Is language changing faster or slower than in the past? Regarding English; Going way back, Middle- and Old-English appear incomprehensible to a current speaker of English, per an earlier SDMB thread. But when I read writings from 200 and 100 years ago I can see changes from today’s language but the changes are slight and both are quite legible. Is there a “punctuated evolution” of language? Closer to today I can think off-hand of many factors that could contribute to the rate going either way; increased communication, a lot more things getting documented (word processors, the web, etc), rapid technological change, extinction of some languages and pre-eminence of others, and so on.
So, is the pace of change of language slowing down, or maybe speeding up?
Good question. I think that as soon as a language gets written down, it tends to change more slowly. Only makes sense. On the other hand, the tech revolution has introduced so many new words and phrases as well as a huge amount of jargon, that you might argue the opposite.
And be careful about drawing conclusions from your ability to read 200 yr old English. Do you think a guy from the 1800s would be able to understand a Computer Users manual (no jokes about us moderns being able to understand them, please)?
It works both ways. I think the everyday words change more slowly, but there is an ifusion of new words all the time.

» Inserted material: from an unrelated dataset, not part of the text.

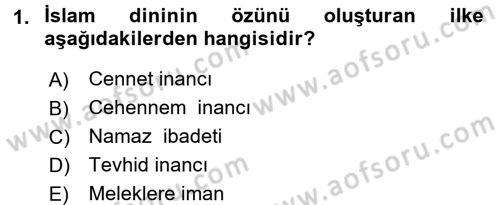 İslam İnanç Esasları Dersi 2016 - 2017 Yılı (Final) Dönem Sonu Sınavı 1. Soru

Two different effects are at work here. Before the printing press, spelling was, shall we say, individualistic. Words in the same sentence or a person’s name could be spelled in many different ways. Yet each word probably had fewer meanings or metaphorical extensions than they do now. Old English was also more highly inflected, so the number of cases and variations was higher. Middle English is less inflected and a simplification of the language continued for centuries. The King James Bible made the inflections of thee and thou seem like holy and high language but it was not out of the ordinary for formal language of the time although the contemporary Shakespeare shows little use of it.

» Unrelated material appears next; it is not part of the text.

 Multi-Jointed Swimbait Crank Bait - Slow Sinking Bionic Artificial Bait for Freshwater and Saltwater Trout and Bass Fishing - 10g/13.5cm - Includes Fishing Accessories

The printing press started a process of standardization of spelling, a long-term one that continued until the creation of dictionaries made alternate spellings appear to be the work of the less educated. Books on grammar also reinforced notions of “correct” grammar with inflexible rules.

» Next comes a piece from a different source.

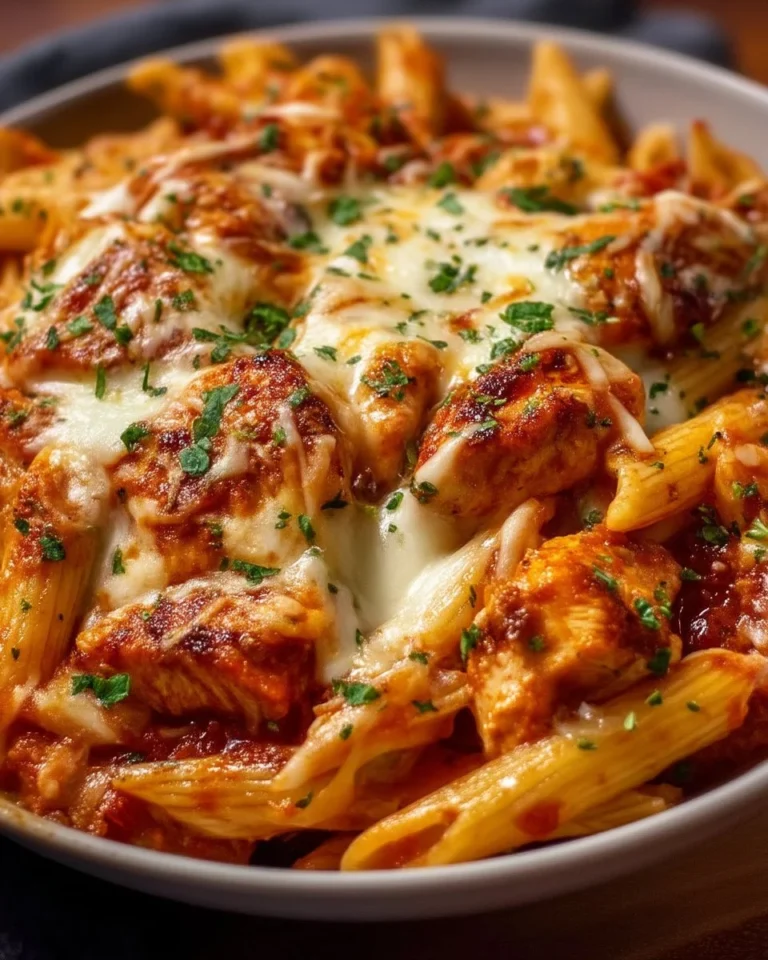Easy chicken parmesan pasta bake dish topped with cheese and herbs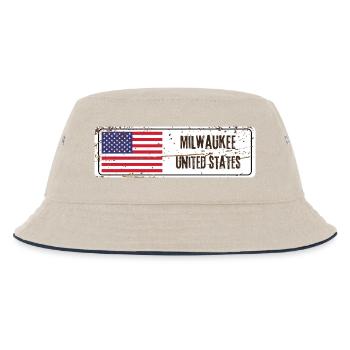 Milwaukee Flagge der Vereinigten Staaten - Kinder Bucket Hat - Natur/Navy - Vorne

But increases in literacy helped along by the printing press sparked a revolution in usage. Shakespeare may never have spelled his name in the same way twice, but he either invented or put into print hundreds of words either never recorded or not recorded in that sense before.
Since that time the absolute number of words has increased tremendously, both because of new inventions, the need to do identification of things in new places, and the spread of borrowed terms from dozens of immigrant languages; but mostly because words accrete new usages, literal and metaphorical. Our current spelling and grammar are fairly well fixed, however. (No matter what the Internet is tending to do to them. )
So the answer is both. Or neither. Language changes continually, but in different ways at different speeds in different periods.
If you are seriously interested in the question, may I recommend a book called, IIRC, Principles of Diachronic Syntax, by David Lightfoot. Although not stated in these terms, this book advances a thesis that there may well be a kind of punctuated evolution of languages.
I may be doing it an injustice, but my recollection, nearly 25 years old, is that by way of example he claimed that the English modals underwent a fairly major reorganization between the years 1550 and 1600. Before 1500 English, like French and German, had a special class of verbs called modals, but by 1600 and continuing to the present day, English has a new syntactic category called modals that are not verbs for a number of reasons. Before 1550, the periphrasitc expressions such as, “be about to be”, “be able to be”, “have to be” didn’t exist since we had “will”, “can”, and “must” to cover those semantic areas, but after 1600, we didn’t. In French and German, it is perfectly acceptable to say, “Je doit pouvoir” and “Ich muss koennen”, but in English you have to say, “I must be able to”, not “I must can”. There were other changes in the verb that took place at the same time (see Lightfoot’s book for more details).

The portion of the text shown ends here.